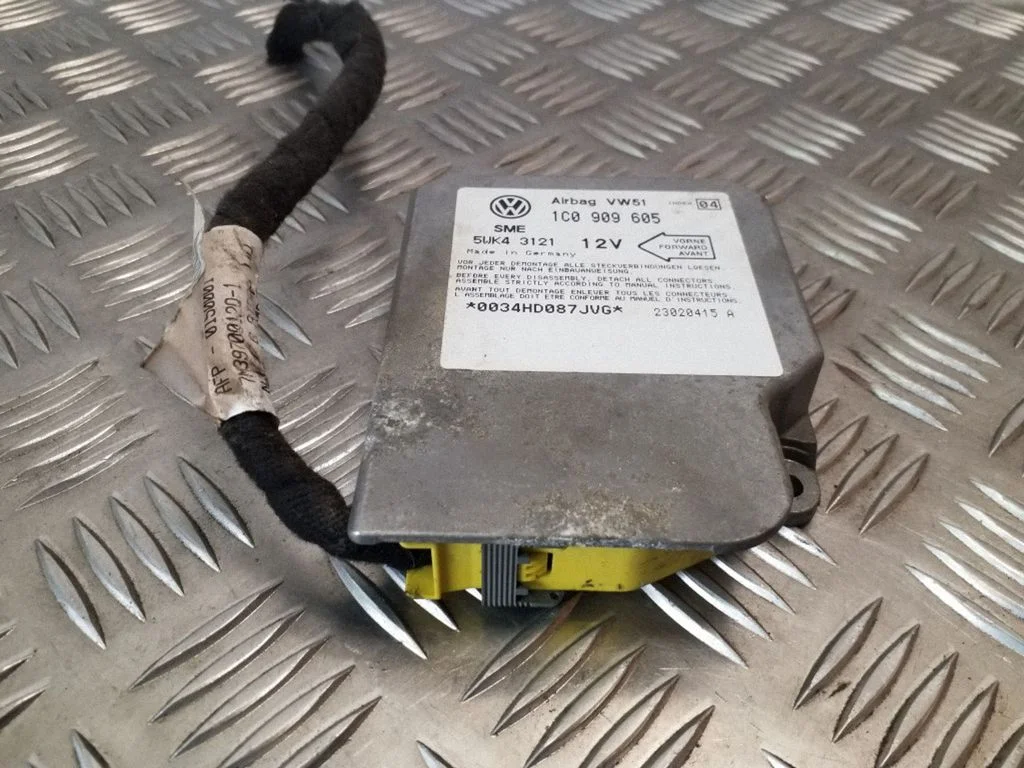 Drošības spilvenu vadības bloks 1C0909605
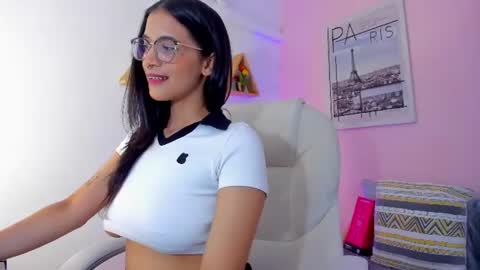 Snapshot of lovely_oliviaa chatting on 07.28.26 Olivia online show from 07.28.26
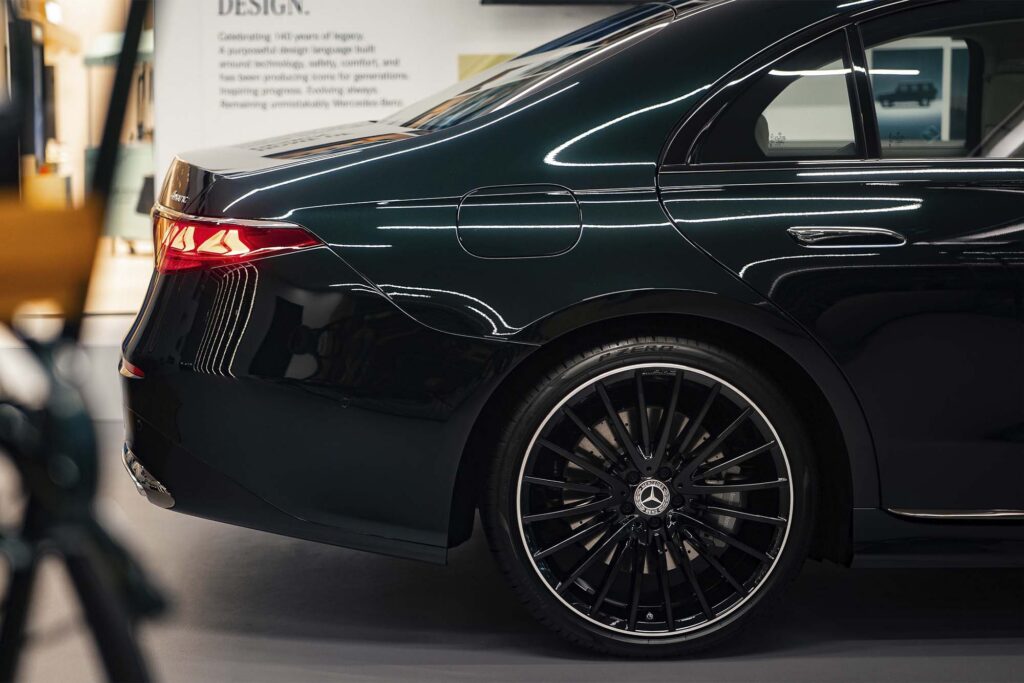 Mercedes-Benz Toronto Holt Renfrew Pop-Up. Photo courtesy of Newswire.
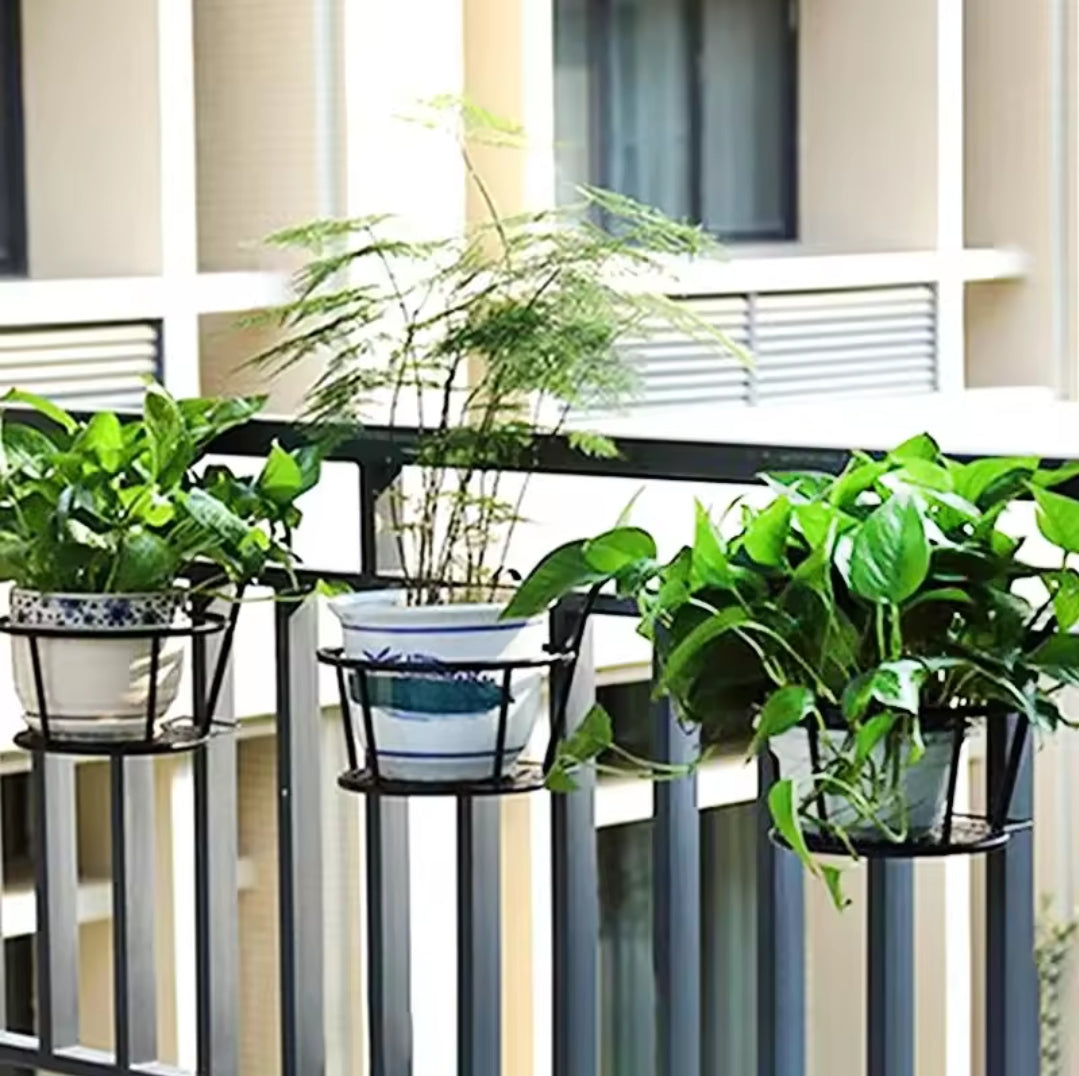 Over the Balcony Flower Pot Holder - Black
---------------
### YOUR GOAL
Retype the data above verbatim, minus images.

### ANSWER FOR THIS EXERCISE
 Drošības spilvenu vadības bloks 1C0909605
 Snapshot of lovely_oliviaa chatting on 07.28.26 Olivia online show from 07.28.26
 Mercedes-Benz Toronto Holt Renfrew Pop-Up. Photo courtesy of Newswire.
 Over the Balcony Flower Pot Holder - Black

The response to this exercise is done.